Glen Ellyn's signature summer festival could be on the move to a new downtown venue, organizers say.

For some 30 years, the Taste of Glen Ellyn took place on a parking lot near Giesche Shoes. But that store went out of business and last May a real estate firm stepped forward with a plan to redevelop the property into a retail and apartment complex.

Village trustees got only a conceptual look at the project. The Opus Group has indicated it's preparing more detailed designs, but it hasn't formally submitted the paperwork to the village yet, Planning and Development Director Staci Hulseberg said Monday.

Still, the Glen Ellyn Chamber of Commerce doesn't want to take any chances and is asking to relocate the four-day festival in May, Executive Director Mike Formento said.

A chamber committee considered nine sites that included village and park land. A downtown commuter parking lot emerged as the front-runner after meetings with police, fire and village officials, Formento said.

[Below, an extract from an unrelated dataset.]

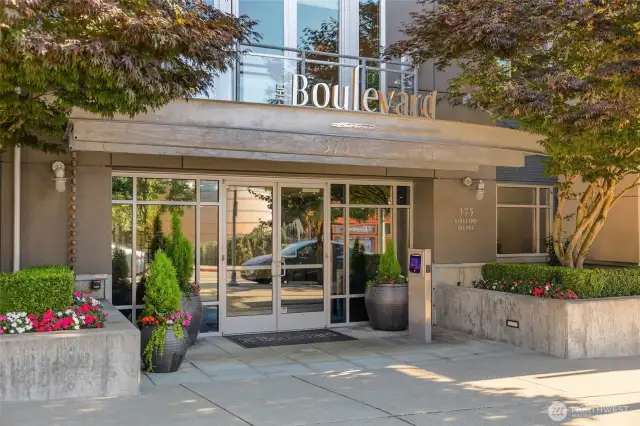 Welcome to the Boulevard in downtown Kirkland! Secured entry building.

The festival previously shut down a stretch of Main Street to traffic on the Taste weekend. But organizers don't expect such road closures around the proposed alternative, on the south side of the train tracks between Main Street and Park Boulevard.

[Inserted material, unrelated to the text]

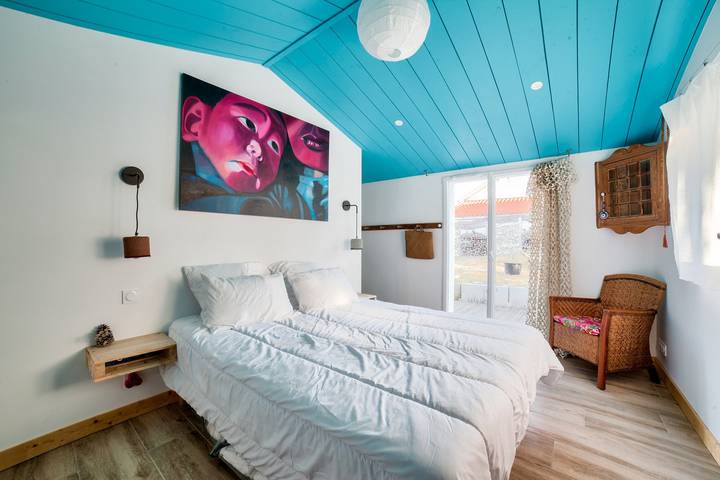 Location de vacances pour 6 personnes, avec terrasse et jardin à Barbâtre - 4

One challenge will be to reroute Metra passengers who park their cars in the lot, mostly during the week. So commuters, business owners and residents are invited to give input on the proposed move during a village board workshop at the Civic Center at 6:30 p.m. Jan. 18.

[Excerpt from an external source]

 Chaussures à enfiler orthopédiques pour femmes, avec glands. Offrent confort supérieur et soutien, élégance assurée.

The size of the fest would remain about the same. Organizers are working on the layout, but food and business vendors, entertainment acts and a possible art show - a new addition - would take up the western portion of the parking lot.

"I'm hopeful this could be become the permanent location," Formento said.

The eastern portion of the lot also could accommodate a carnival run by a committee of volunteers independent of the chamber. The carnival traditionally has opened a day before the Taste in a village lot near the former McChesney & Miller grocery store, where developers also hope to raze a vacant building to make way for apartments and retailers.

"We work closely with them and of course there is a potential that something happens at the McChesney site that they too will have to move," Formento said.

He said he's confident the site offers easy access for crowds, numbering as much as 25,000 over the four days of the Taste.

"That's why this all works out into a nice site," Formento said. "I think it's a win-win situation for everyone."